Notice that in order to continue, it tells me (twice) that I have to press "Pay". Can you see any button labeled "Pay" on the screen?

If you are itching to tell me what I should have done, you are missing my point.

I'm not asking you to tell me what I should do. I am well aware that the business about clicking on "PAY" is just a mistake, and they probably want me to click on either "CHECK OUT" or "SUBMIT" (it actually isn't clear which; and by the way, I always think "Submit" is a very poor choice of verb, with its ambiguity between "hand it over to us" and "yield to our domination", as in "We will continue tightening these screws on your thumbs until you submit").

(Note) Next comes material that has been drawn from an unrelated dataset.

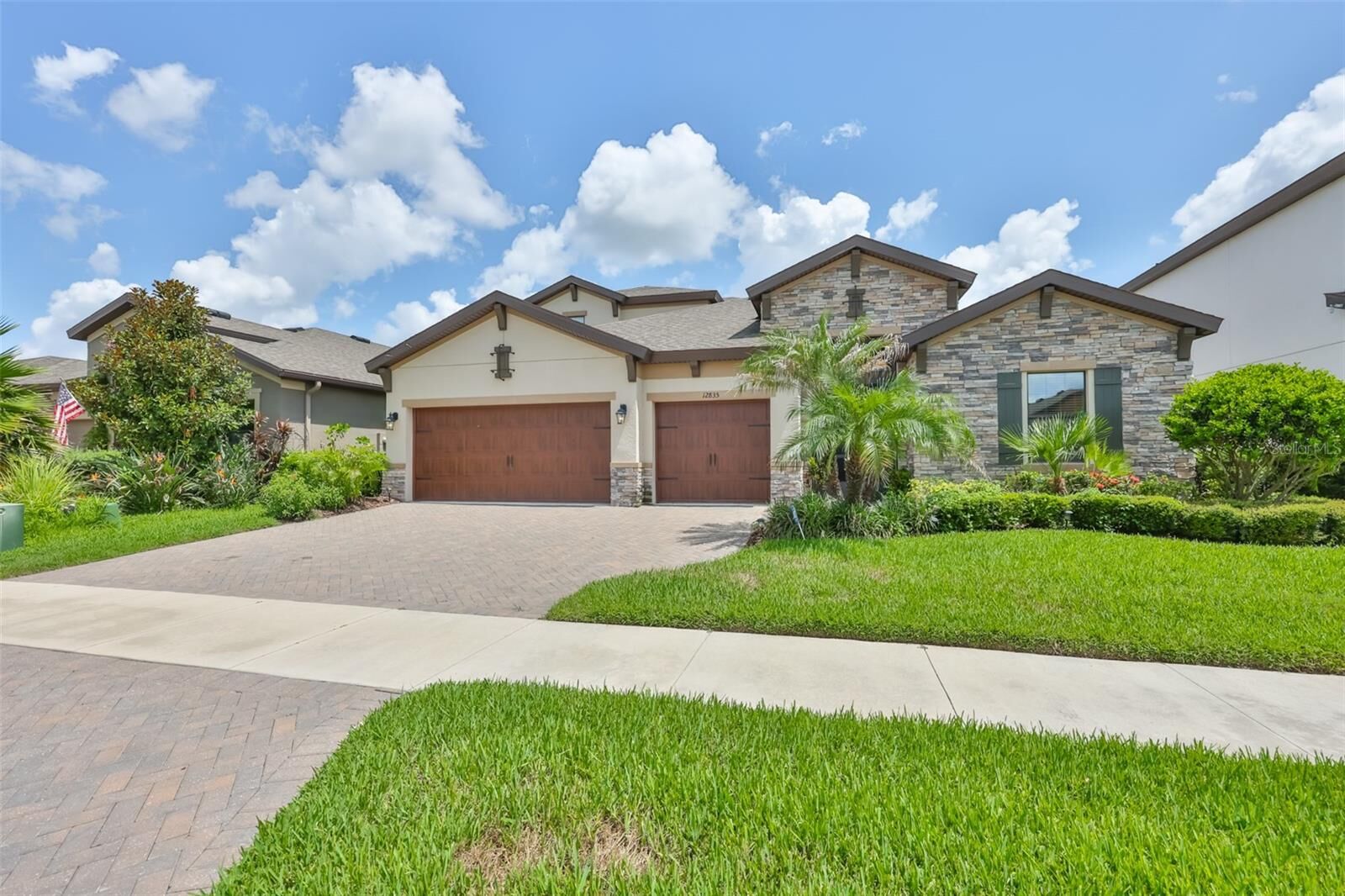 Property Photo: 12835 Satin Lily Drive FL 33579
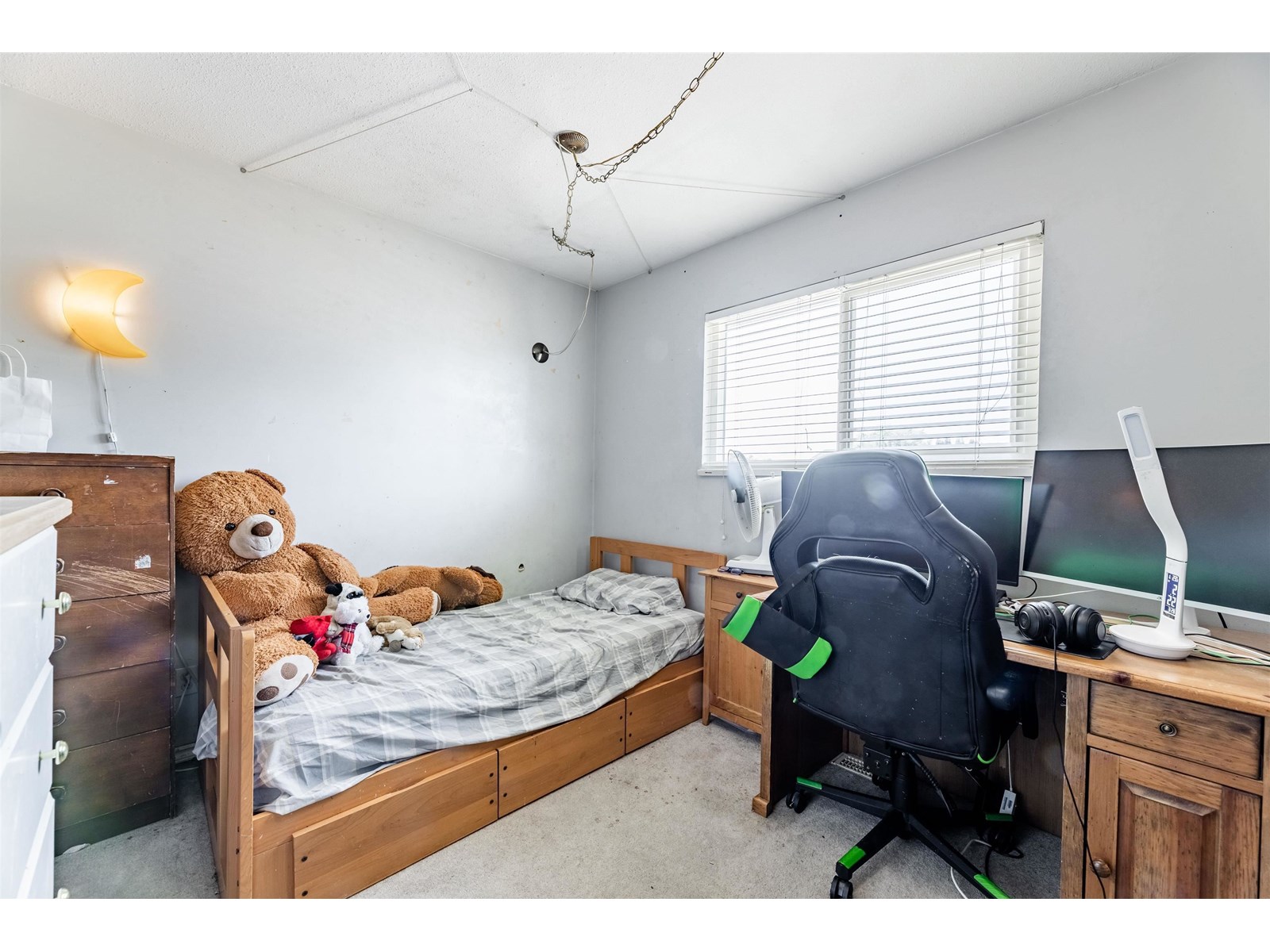 Photo 11 of 1496 Kimberley Street, Abbotsford BC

My point is not about how to complete the purchase. It is to draw attention to this question: How much attention can they possibly be paying to the user experience when they tell me to "Press Pay" and put nothing on the screen that says "Pay"?

It's a further illustration of something about the quality of machine-to-human interface programming that I have often mentioned here on Language Log and twice written about on Lingua Franca (here and here).

The simplest way to describe the attitude of software engineers and companies to linguistic interfacing with their customers would be to say that they do not give a monkey's fart about such matters. Not only do they never have a linguist check the use of language in the programs they expect us to use (that'll be the day), they don't have anybody at all checking it.

If they program interfaces this carelessly, just how likely is it that robots are going to respect the Three Laws of Robotics?